InvestorsHub Logo
icon url

wbmw

08/28/08 3:07 AM

#85847 RE: pgerassi #85846

Re: Sure you are lying because the EE C2Q CPU power usage didn't include the chipset, VRMs, 2GB DDR3/1600 memory and all the other stuff on the MB running 3DMark06 HDR/SM3.0 in software. That is the CPU on its "board". They didn't look at just the 2 R770 GPUs, they looked at all that was on the GPU board's total power.

I know that, Pete, but it really doesn't make a difference to the end user. They can configure a system without the graphics card, but they very well can't configure a system without a processor.

From an end-user's perspective, adding a >250W video card comes with an incremental >250W to their system. Choosing a 130W CPU over a 65W CPU, however, comes as an incremental 65W to the system.

That's been my point - that ATI seems to be increasing power haphazardly to get the highest performance. That may be ok for some niche enthusiast users, but it's not ok for the vast majority of PC users. And their more reasonable <100W cards like the 3850 come with far less computational capabilities than the high end cards that everybody likes to talk about.

Re: Absolute power is meaningless unless you look at performance too

More power is ok up to a point, as long as it offers more performance. But past a certain point, the costs to cool and deliver power to such an extreme device makes it unsuitable for most of the market.

Re: But the 4870x2 will only be used for GPU and GPGPU work, read HPC of very parallel loads. They don't check highly serial loads that push against Amdahl's Law. In that area the EE C2Q doesn't do well either given its high power usage. It loses against a fast single core Athlon 64 using far less power because of the high latency to memory of FSB attached chipset memory.

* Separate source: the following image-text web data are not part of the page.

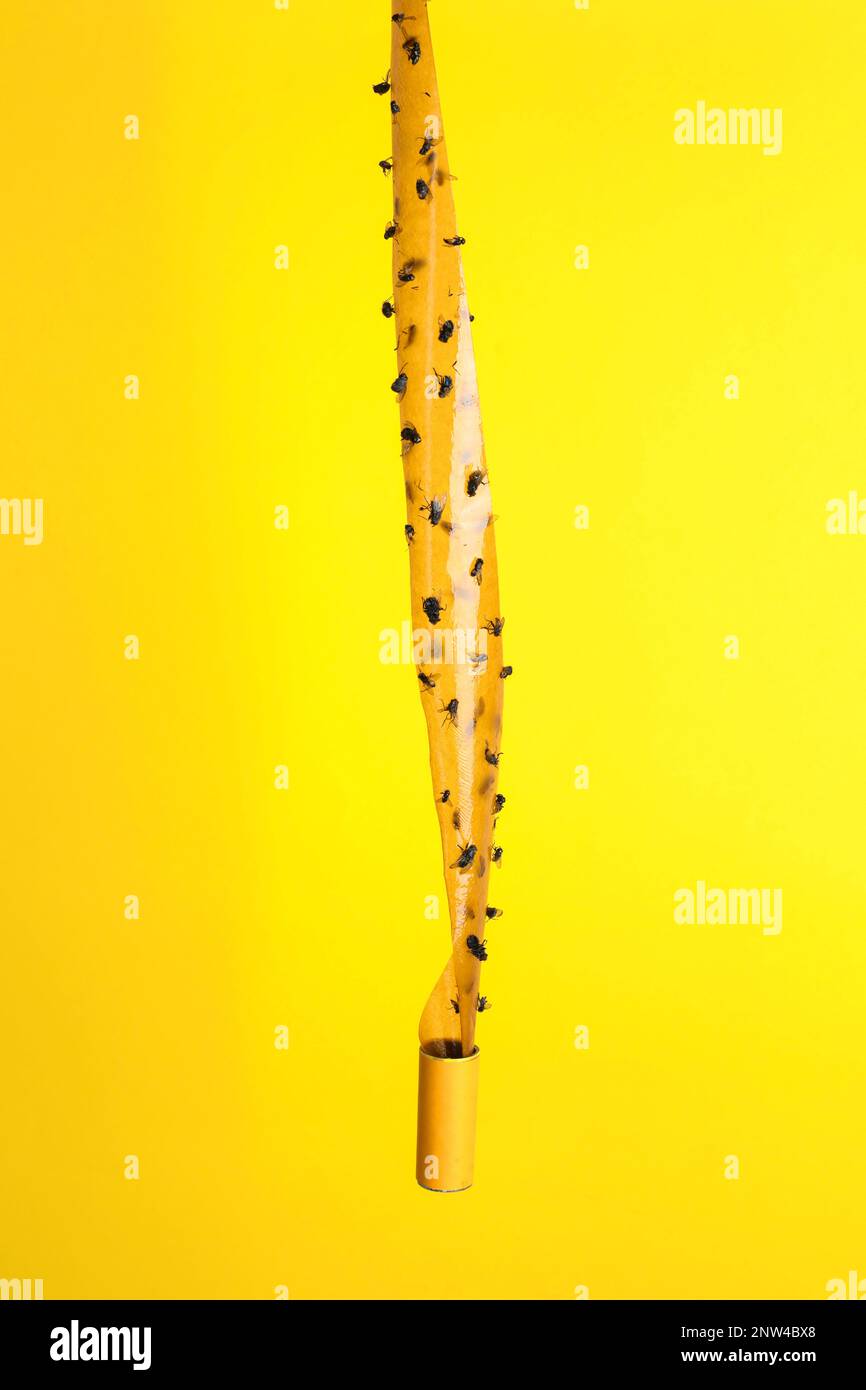 Sticky Flypaper Trap Flies Fly Killing Device Yellow Background Also Stock  Photo by ©crossdee 215756298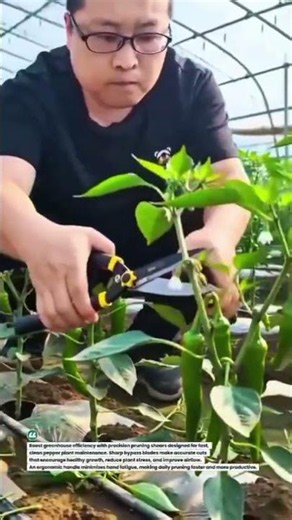 Precision Pepper Pruning Shears for Faster Greenhouse Harvests#FarmingTools #Greenhouse #Agriculture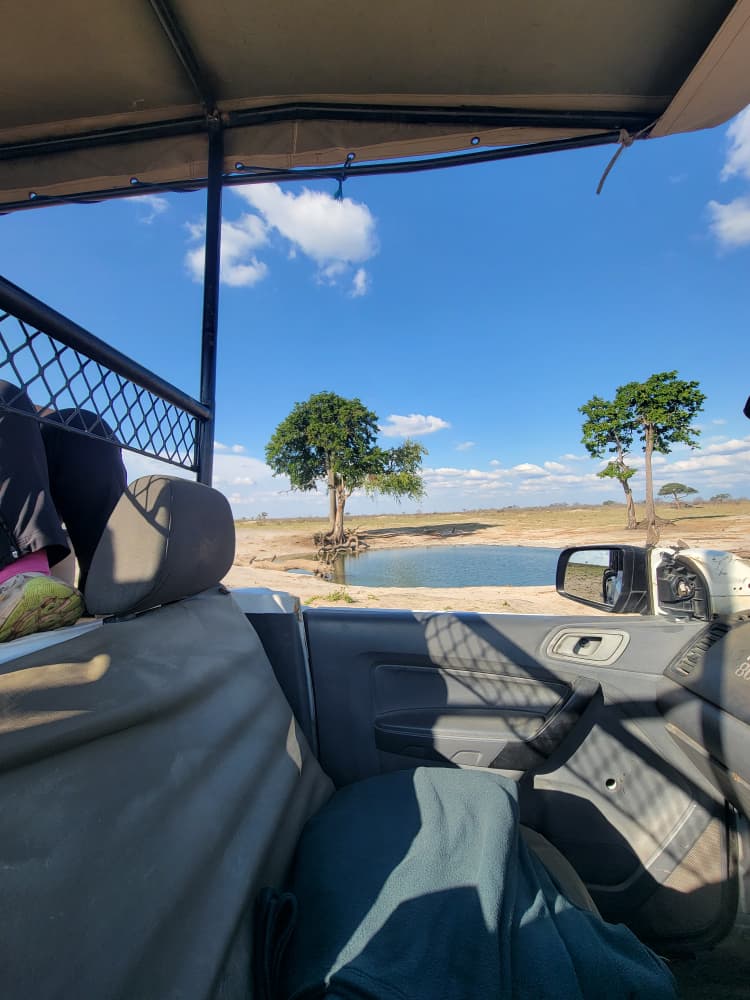 Game Drive at Hwange Wild Life Safaris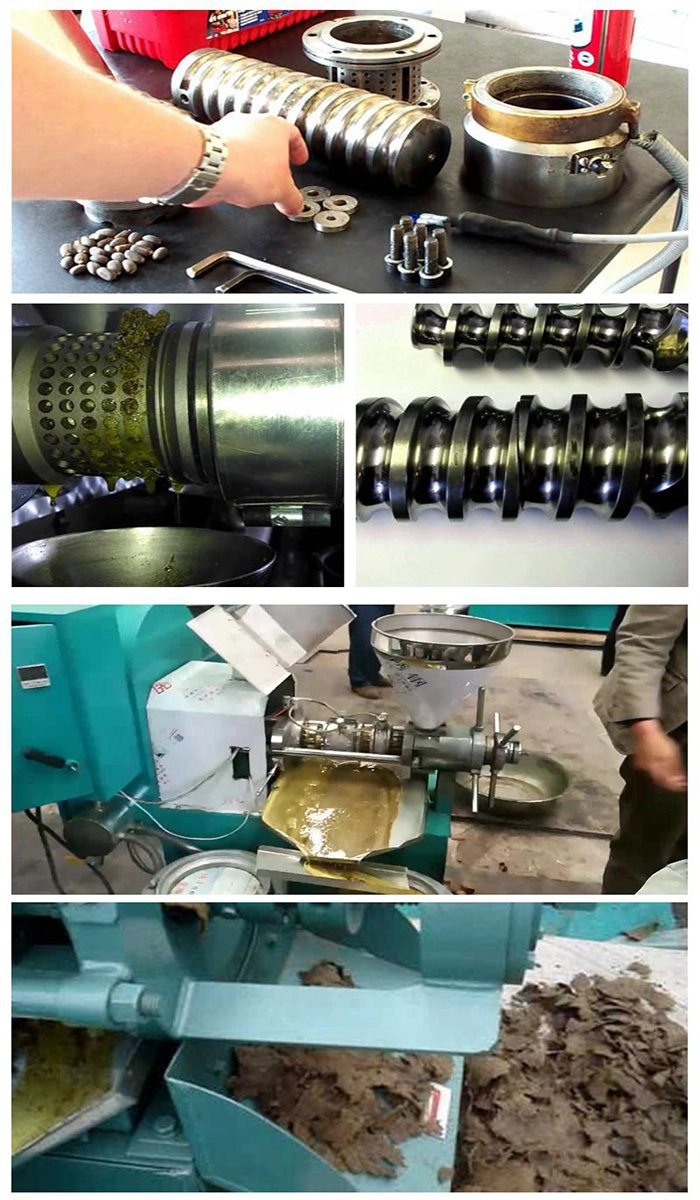 New Technology Avocado Oil Press Machine/Olive Oil Squeezing Machine/Edible Oil Press Machine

Only in your alternate reality, I'm afraid. In serial workloads, the Core 2 architecture and higher frequencies allows the C2Q to blow past any K8 or K10 core in existence. That's why Intel implemented large caches and a prefetching system that actually works and delivers results. Latency to memory is minimized, and FSB traffic is reduced. Intel made it work, and years later you still haven't noticed the reviews showing Intel 50% ahead of AMD in the benchmarks....

Re: There a 2.4Tflops processor even at 300W is quite efficient in a Tflops per watt basis. Even the 1Tflops GTX280 is efficient, just not as high. The 25.6Gflops EE C2Q is nowhere even close at over 200W (all using SP).

LOL, your peak FLOPs numbers are meaningless. There are parallel workloads where a Core 2 Quad will run circles around a 4870 X2. Why? Because the CPU was designed to get as close to peak FLOPs as possible, while the GPU has all these math units and a very SLOW PCI-Express link through which to transfer all the data, which only gives 8GB/s per direction. And the GPUs don't have caches to mitigate this, either!

In order to use 2.4 TFLOPs of compute, you need to provide the dataset, and that takes 10s of gigabytes of data, which will never fit in the local memory of a video card. You have to copy over the data from system memory, which slows down your entire simulation. And even if you do it asynchronously, you will still never make full use of your peak FLOPs if you are always limited by the data pipeline.

Face it, Pete. Outside of games, workloads aren't composed of thousands of independent variables like pixels on a render target. You can get away with certain sizes of simulations, but at some point all those peak FLOPs go to waste.

And things get even worse when you consider the vulnerability that graphics cards have to soft error rates. GDDR5 is the greatest of all offenders. It has a high bit error rate, and no error correction (or even detection). You probably won't notice if one of the pixels on a single frame of your game is the wrong color, but if you have hundreds of these cards doing large scientific simulations, you'll be getting errors every day, in far more noticeable places. No one has figured out a solution for that issue, yet.